Enter Tarka.  I first encountered it when I was looking for recipes that fit the way I keep and acquire ingredients.  I had some green lentils laying around that I didn’t know what to do with, and after a quick search, I found a good way to put them to use in a recipe I lifted from the Maninas: Food Matters blog.  I read “Incredibly easy and incredibly tasty” and it was on.  The recipe is basically lentils, Tarka, and Garam Masala.  It was friggin great.  According to the blog,

Tarka is an Indian technique of frying spices in ghee or oil, sometimes with the addition of some combination of onions, garlic and chillies. This is done either at the beginning of cooking, or at the end.”

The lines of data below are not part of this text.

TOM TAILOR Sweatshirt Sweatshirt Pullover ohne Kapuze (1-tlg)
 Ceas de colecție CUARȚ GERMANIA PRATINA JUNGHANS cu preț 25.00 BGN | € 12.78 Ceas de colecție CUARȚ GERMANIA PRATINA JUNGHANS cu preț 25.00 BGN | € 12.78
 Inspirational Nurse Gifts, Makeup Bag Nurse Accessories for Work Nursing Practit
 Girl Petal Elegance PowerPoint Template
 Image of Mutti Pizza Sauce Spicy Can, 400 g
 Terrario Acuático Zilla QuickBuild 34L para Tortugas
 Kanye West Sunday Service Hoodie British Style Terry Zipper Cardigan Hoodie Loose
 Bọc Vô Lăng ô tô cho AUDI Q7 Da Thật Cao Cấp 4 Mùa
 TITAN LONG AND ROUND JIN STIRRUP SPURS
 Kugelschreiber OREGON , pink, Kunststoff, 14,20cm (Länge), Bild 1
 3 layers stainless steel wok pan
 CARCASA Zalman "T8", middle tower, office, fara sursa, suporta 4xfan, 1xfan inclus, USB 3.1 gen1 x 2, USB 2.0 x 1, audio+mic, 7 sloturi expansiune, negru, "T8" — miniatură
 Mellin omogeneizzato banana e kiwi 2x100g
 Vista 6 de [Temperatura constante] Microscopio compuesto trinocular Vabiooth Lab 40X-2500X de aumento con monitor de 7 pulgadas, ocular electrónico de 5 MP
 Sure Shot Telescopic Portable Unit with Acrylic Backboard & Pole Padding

In this case, the Tarka consisted of cumin seeds, chopped onions, garlic (recipe called for 1 clove, I put two), bird’s eye peppers (I used serrano), cinnamon, and ginger.  The page made reference to this dish being Punjabi style; there are a bunch of different regional styles and I definitely need to explore them all.  It’s exciting to stumble upon this because now I know at least one of the ways in which Indian people make their food so damn savory.  I’ve tried doing the “throw a bunch of spices on and hope for the best” thing and it doesn’t seem to have the depth that I recognize in really heavily seasoned foods from that area of the world.  She makes a good point that a lot of the essential and savory flavor in spices is fat soluble, and the ghee is the key to unlocking it.  The ghee is the key. 

 I realized that with the flexibility of Tarka, I might be able to kill that cardboard taste of quinoa.  I was right and now I throw some tarka on all my grains.  Add a little Garam Masala and badda-bing you’re eating easy and good and authentically Indian.  Batchelor gourmet at it’s best.